2026-02-19 7:07 AM - edited 2026-02-19 7:43 AM
Hello! Recently I discovered that my program (STM32 TCP client) gets stuck in netconn_connect() function for about 5 minutes if server to which I want to connect to is not available when this function is called. Only after that time program would go into
if ((tcp_rexmit_rto_prepare(pcb) == ERR_OK) || ((pcb->unacked == NULL) && (pcb->unsent != NULL))) {statement (which is present in tcp_slowtmr() function). Once it happens, the debugger shows that:
TCP PCB shown in debugger
It's the tcp_rexmit_rto_prepare(pcb) condition that allows program to go into the if statement. Also, as debugger shows, nrtx is equal to 0, which means there were no retransmissions in the last 5 minutes (rtime=575, which is 287 seconds).
Interesting thing is it's possible to "unfreeze" the program way sooner by pinging the client device or by replugging Ethernet cable. netconn_connect() would finally finish and device could try to connect to server once again. By the way, the netconn I used was of blocking type. Non-blocking one leaves netconn_connect() immediately and returns ERR_ISCONN, but that doesn't help with reestabilishing connection to server if netconn_connect() was called when server wasn't available.
Possible solution
I tried many things to fix the problem, including disabling MPU (which I configured according to this guide) and changing all LwIP semaphore timeouts from infinity to hundreds of milliseconds. What finally helped was changing ethernetif_input() function present in ethernetif.c file:
/**
* @brief This function should be called when a packet is ready to be read
* from the interface. It uses the function low_level_input() that
* should handle the actual reception of bytes from the network
* interface. Then the type of the received packet is determined and
* the appropriate input function is called.
*
* netif the lwip network interface structure for this ethernetif
*/
void ethernetif_input(void* argument)
{
struct pbuf *p = NULL;
struct netif *netif = (struct netif *) argument;
/* OLD FOR LOOP */
// for( ;; )
// {
// if (osSemaphoreAcquire(RxPktSemaphore, TIME_WAITING_FOR_INPUT) == osOK)
// {
// do
// {
// p = low_level_input( netif );
// if (p != NULL)
// {
// if (netif->input( p, netif) != ERR_OK )
// {
// pbuf_free(p);
// }
// }
// } while(p!=NULL);
// }
// }
/* NEW FOR LOOP */
for( ;; )
{
osSemaphoreAcquire(RxPktSemaphore, TIME_WAITING_FOR_INPUT/*100*/); //both timeouts seem to work fine
LOCK_TCPIP_CORE();
HAL_ETH_ReleaseTxPacket(&heth); //release earlier transmitted packets
UNLOCK_TCPIP_CORE();
do
{
p = low_level_input(netif);
if (p != NULL)
{
if (netif->input(p, netif) != ERR_OK)
{
pbuf_free(p);
}
}
} while(p != NULL);
}
}
Using HAL_ETH_ReleaseTxPacket() function before do... while loop finally allowed program to properly retransmit SYN packet and not get stuck in netconn_connect().

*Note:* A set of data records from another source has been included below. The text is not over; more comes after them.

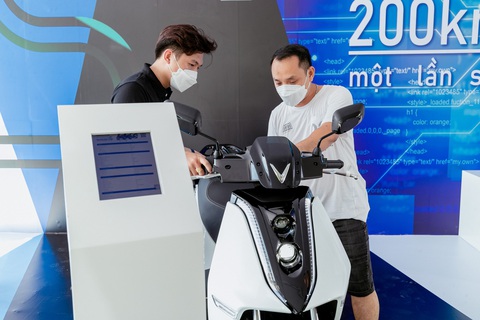 Xăng tăng, xe đội giá, người dùng tìm mua xe máy điện - Ảnh 2. Xăng tăng, xe đội giá, người dùng tìm mua xe máy điện - Ảnh 2.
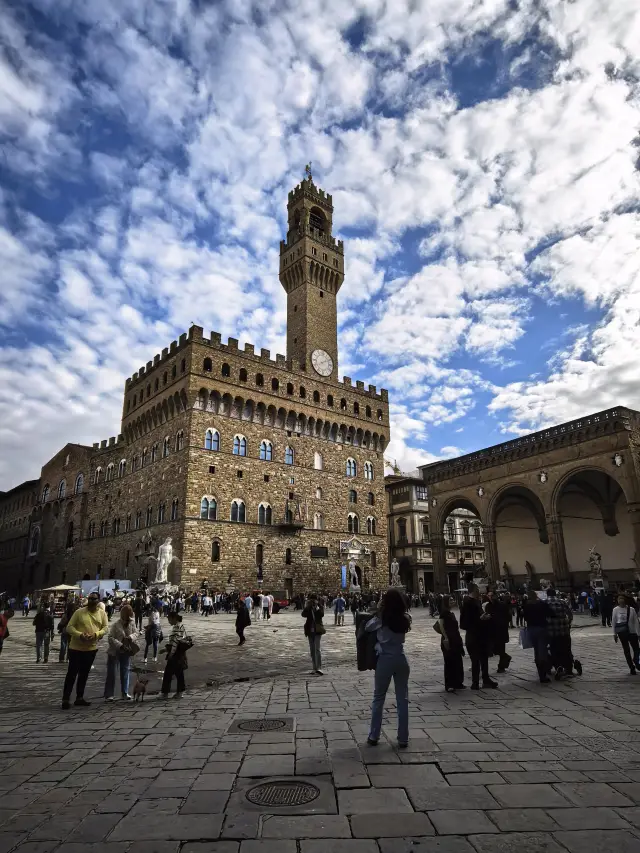 The Old Palace of Florence, the Glory of the Medici Family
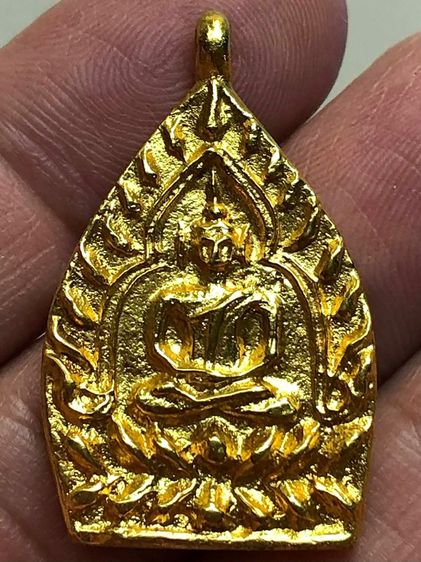 พระเหรียญหล่อเก่าคะ รูปที่ 3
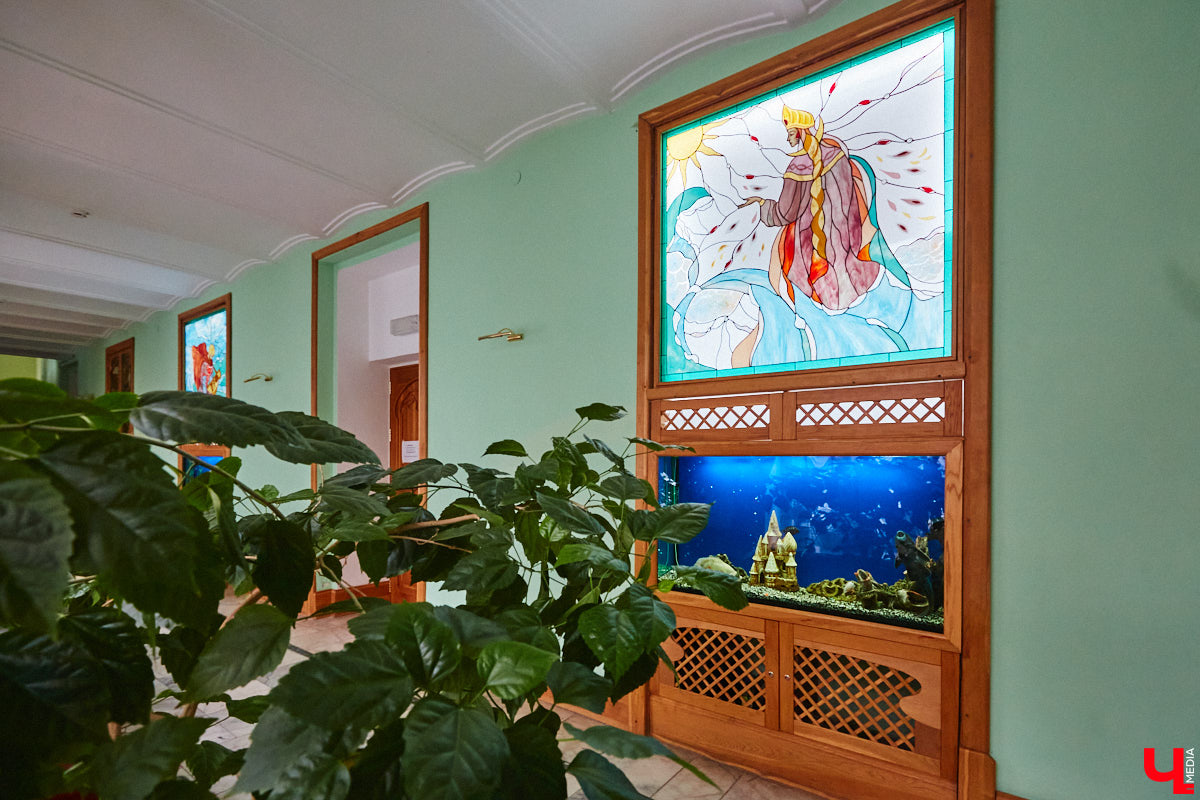 Витражи завораживают, особенно когда через них проходит солнечный свет. Есть в этом что-то неземное. Полюбоваться композициями из стекла можно не выезжая за пределы Владимира. «Ключ-Медиа» собрал самые интересные экземпляры и рассказал, где их получится рассмотреть во всех деталях.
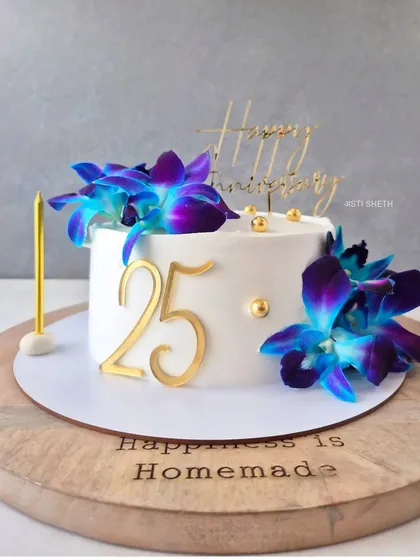 Celebrating a 25th anniversary with my signature Mocha Orange cake. This design is all about simple elegance, using fresh blue orchids and gold accents to mark the special milestone. The whipped cream frosting keeps it light and delicious, proving that a cake can be both beautiful and flavourful.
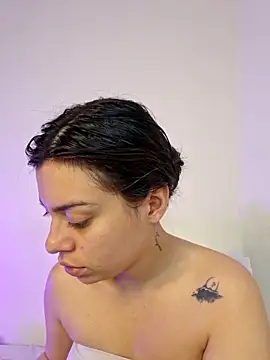 Snapshot of AmaiaSalvatore chatting on 10.19.25 AmaiaSalvatore online show from 10.19.25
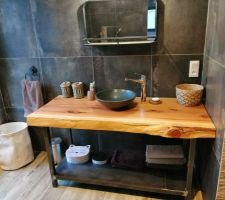 Meuble de salle de bain fini et en service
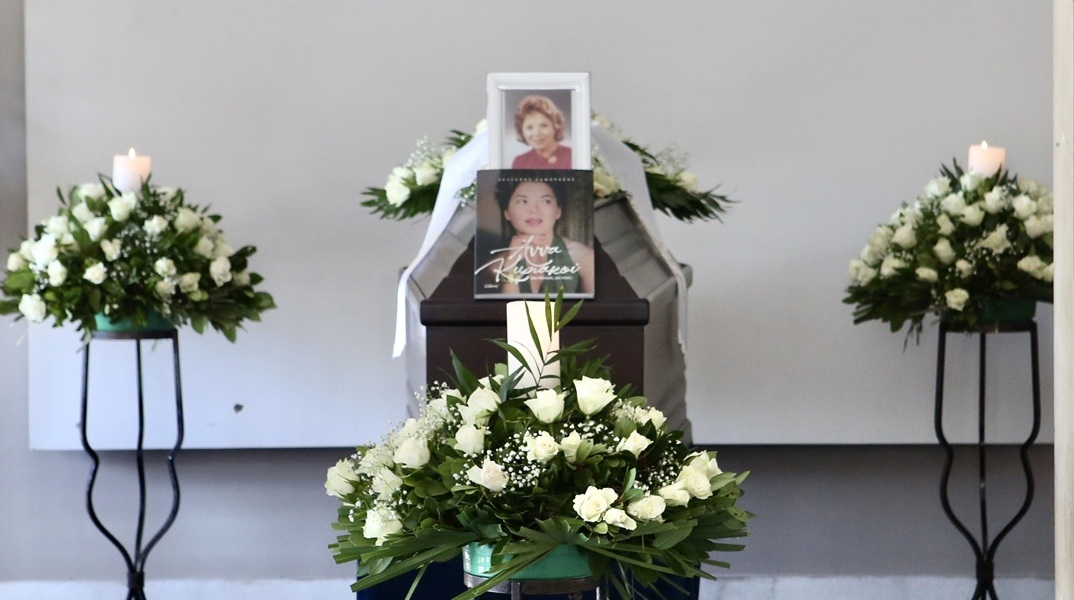 Άννα Κυριακού: Συγκίνηση στην κηδεία της ηθοποιού - Το τελευταίο αντίο στην «Μπεμπέκα» και τη «θεία Μάρω»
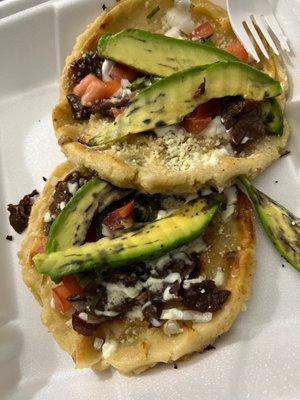 Sopes de cecina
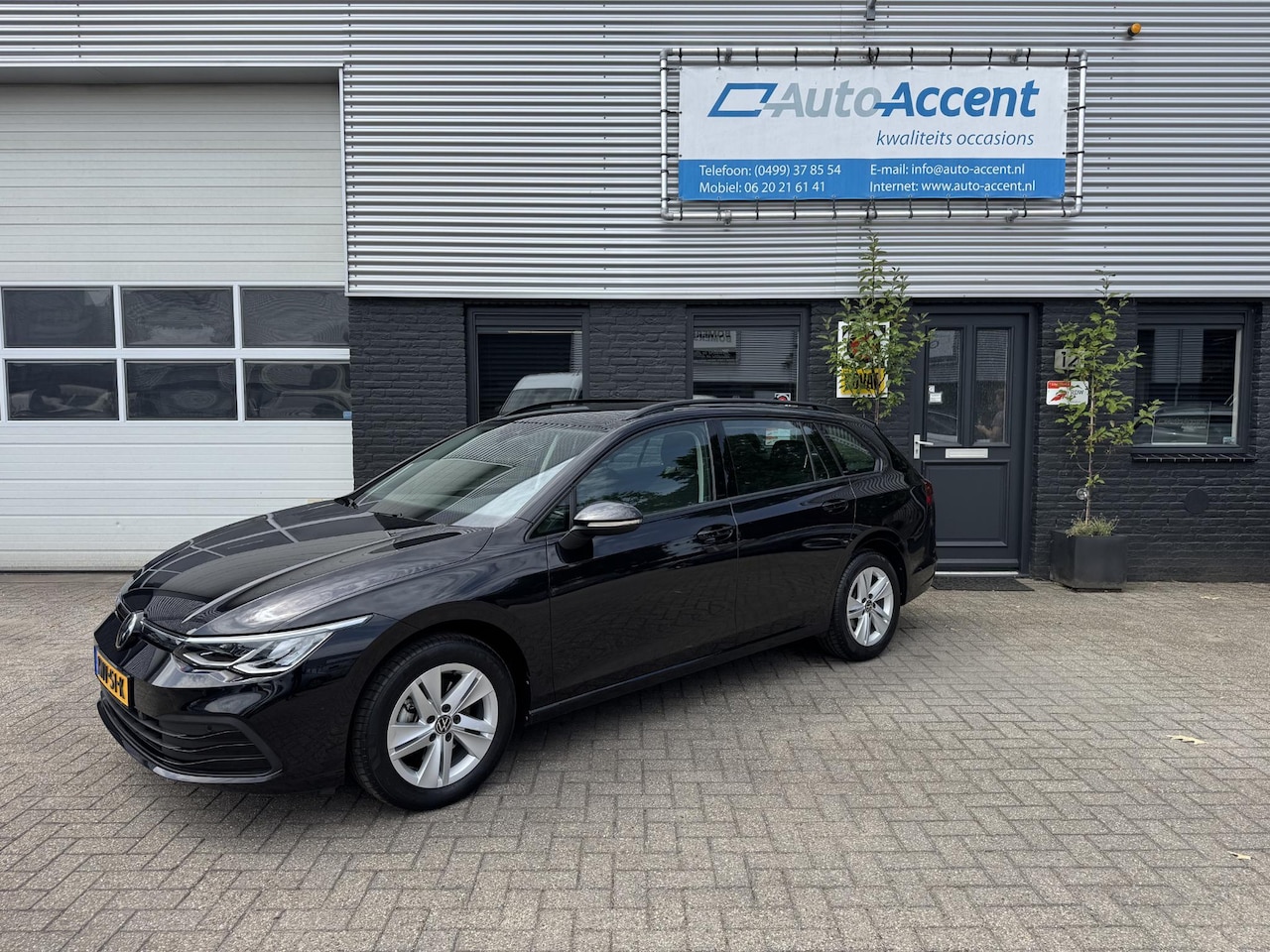Volkswagen Golf Variant - 1.0 eTSI Life Business 1.0 eTSI Life Business - AutoWereld.nl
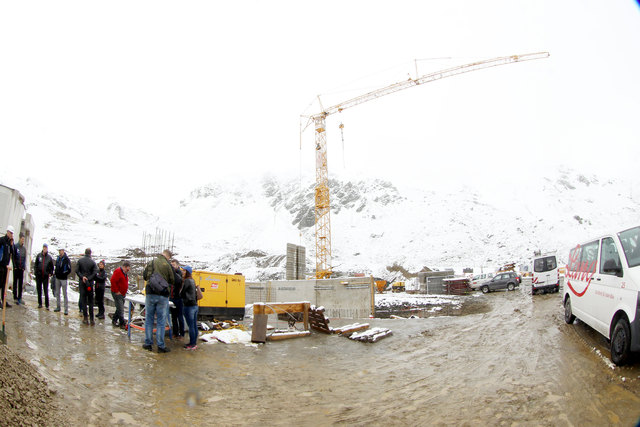 Die Baustelle Hochfügen Waidoffen der Skiliftgesellschaft Hochfügen. Die Bauarbeiten starteten im Juni 2016. Fertigstellung der neuen Bahn im November 2016. | Foto: @Roman-Potycanowicz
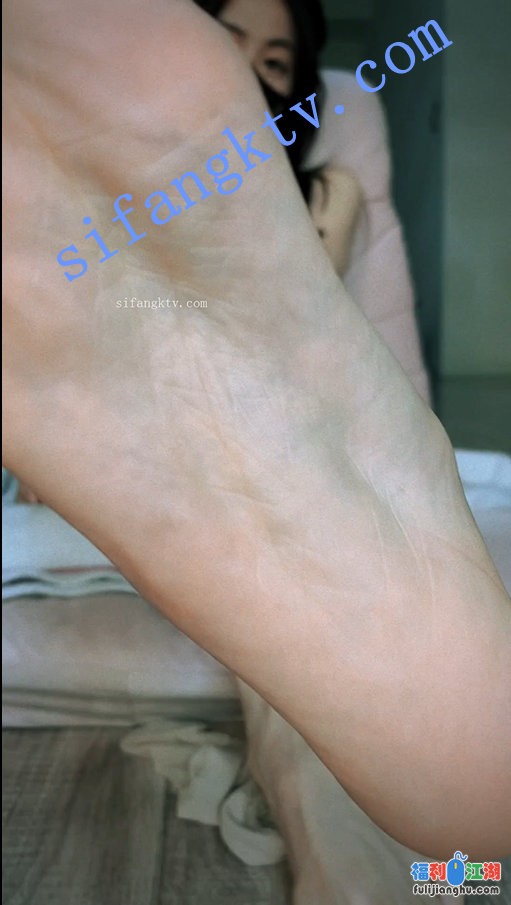 [网红/福利姬[推特/快手/微博]]
[资源详情]
❤️推特足交女神❤️依依❤️运动内衣短肉丝诱惑淫语控【0.4G】-福利吧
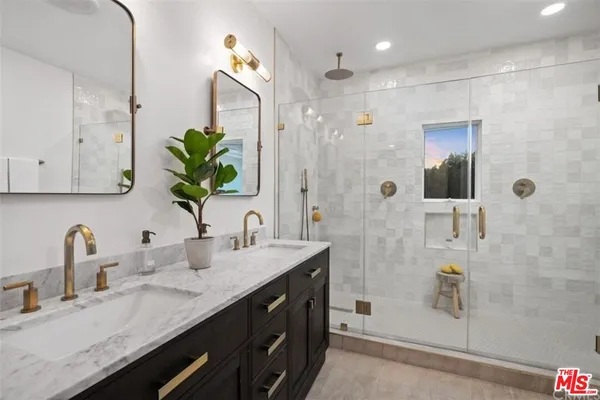 $3,000,000 | 5439 Gentry Avenue, Valley Village, CA 91607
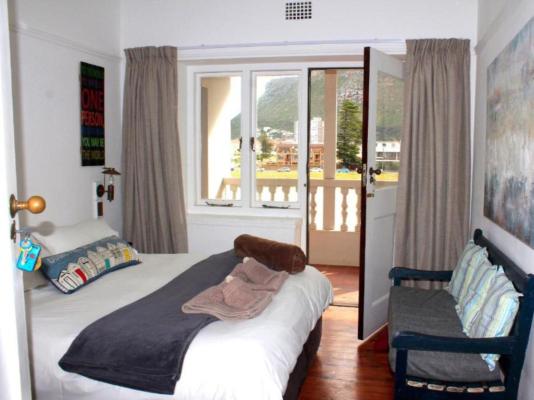Room image 4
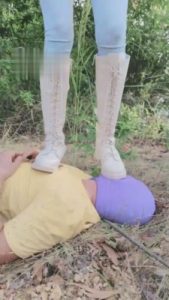 【艺术美学】白靴骑脖子-长靴深喉脚耳光 bf3216_绳艺库视频下载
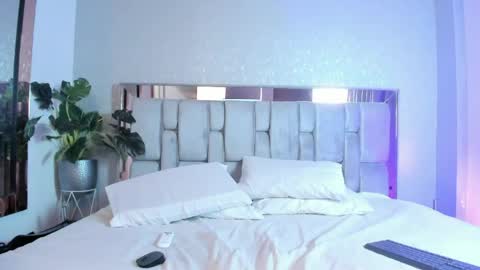 PAULINA  online show from April 7, 9:39 pm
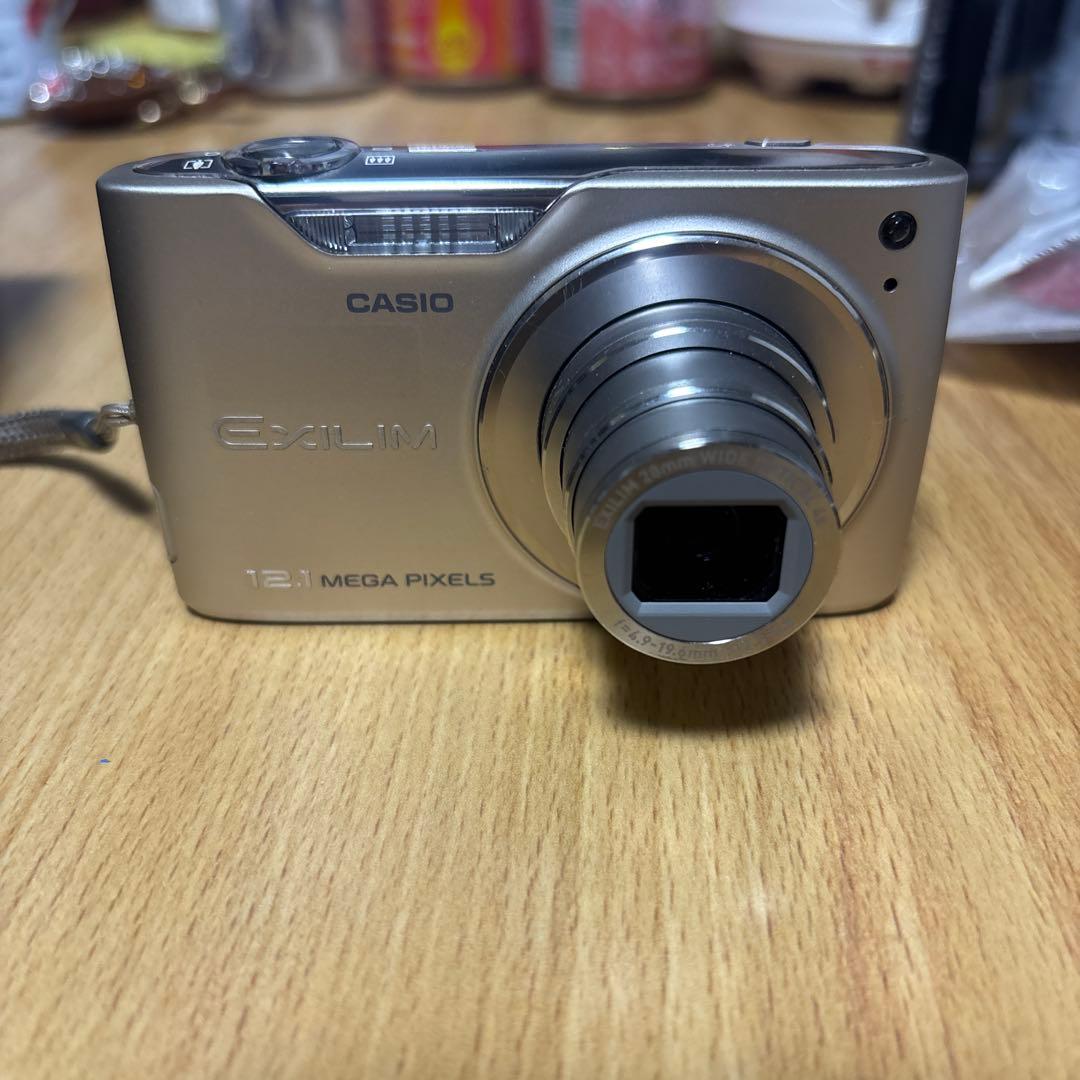 CASIO EX-Z450 コンパクトデジタルカメラ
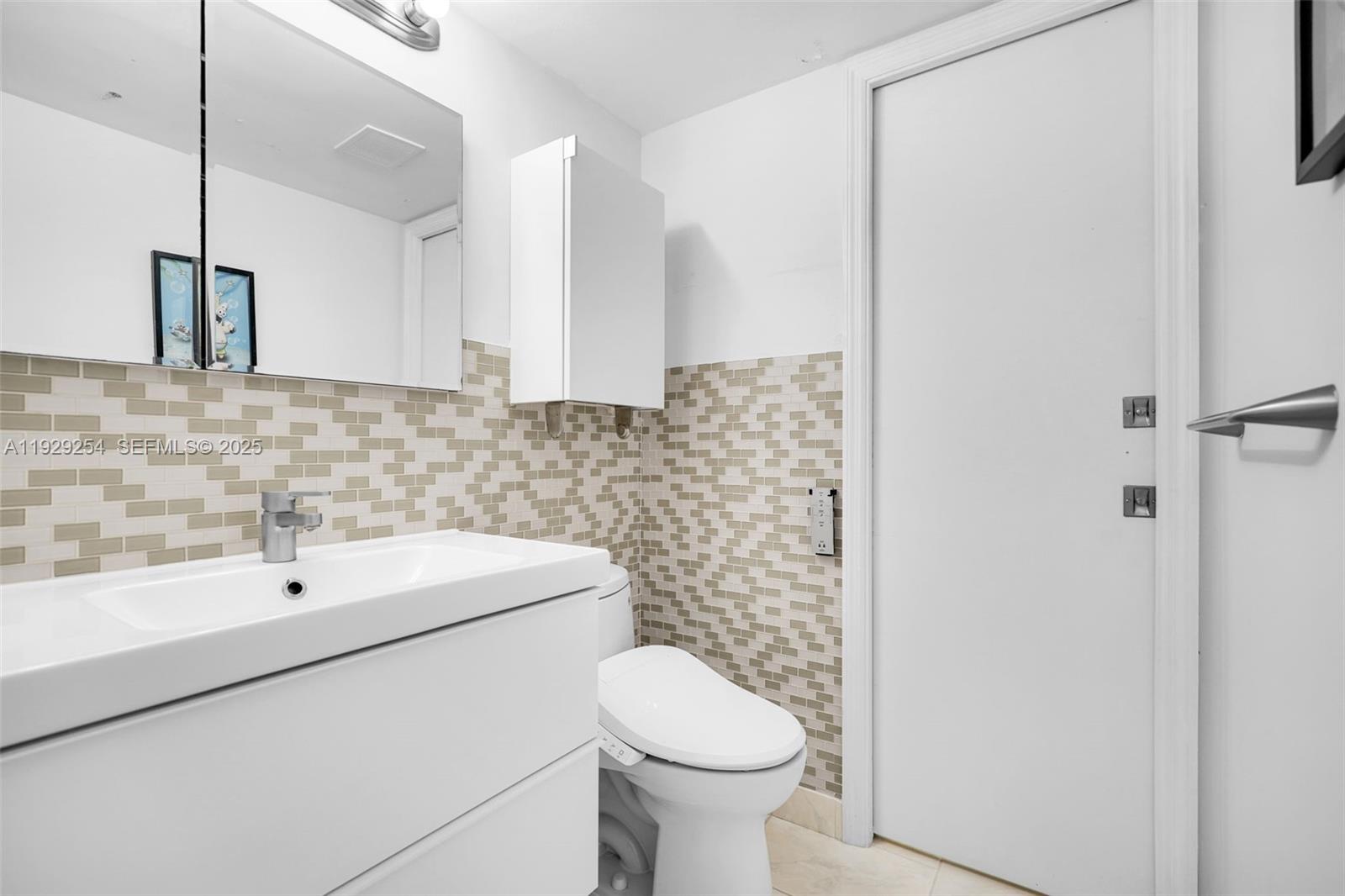 PARKER PLAZA CONDO ESTATE - Residential Lease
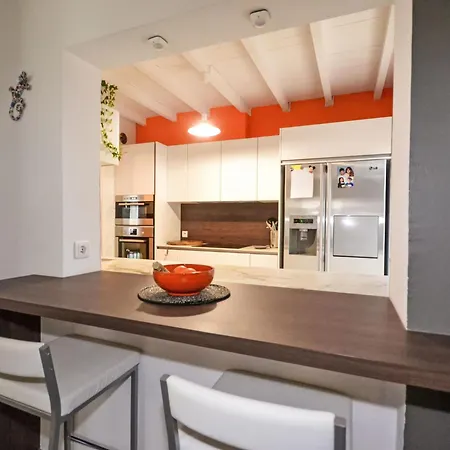 Holiday home Luberon Vidauque - Cvn140 By Interhome
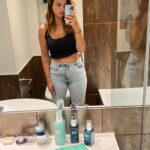 Julia Flabat Instagram – Ma 1ere résolution de 2024 , c’est de me bouger tous les jours:  sport , marche, danse … c’est OBLIGATOIRE !!! Et jusqu’à maintenant, je tiens, et je vois des résultats #fierté 💪🏻💪🏻 

Mais qui dit sport dit perte d’eau, donc l’hydratation est plus qu’IMPORTANTE en cette période. Aussi bien à l’intérieur, qu’ à l’extérieur . 
Et c’est la base pour avoir une belle peau ! 

Pour ma part,  j’ai adapté ma routine beauté. 
Et je trouve que le gel crème Aquasource de @biotherm apporte une hydratation parfaite car il permet d’imbiber ma peau d’acide hyaluronique. Dès que je l’applique, ma peau paraît immédiatement éclatante et repulpée. 😍
Petite astuce : J’applique toujours un spf derrière, même si le soleil n’est pas au rendez-vous. C’est le meilleur conseil anti-âge que je puisse vous donner 😉
Et si je peux vous recommander un SPF, c’est bien l’Urban UV Défense de Biotherm , il hydrate la peau et la protège sans être gras. Parfait en dernière touche juste avant le make up, ou en retouche tout au long de la journée 👌🏻

#biotherm  #biothermfr #lookbetter #feelbetter #skincare #aquasource #publicite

From what I understand, old SYN packet, sent when server was down, was stuck in DMA and held reference to output segments, which made tcp_rexmit_rto_prepare() function return ERR_VAL and because of that tcp_slowtmr() would not get into if statement mentioned at the beginning of this post. HAL_ETH_ReleaseTxPacket() makes program acknowledge that SYN packet has been sent and thus retransmitting it becomes possible. Also, since HAL_ETH_ReleaseTxPacket() is being called when device performs a transmission (with use of low_level_output() function), pinging STM32 makes it release old Tx packets when it's responding to ping.
EDIT 1 Short non-infinite timeout in new for loop of ethernetif_input() seems to be more reliable and allows for faster "unfreeze" than long/infinite timeout.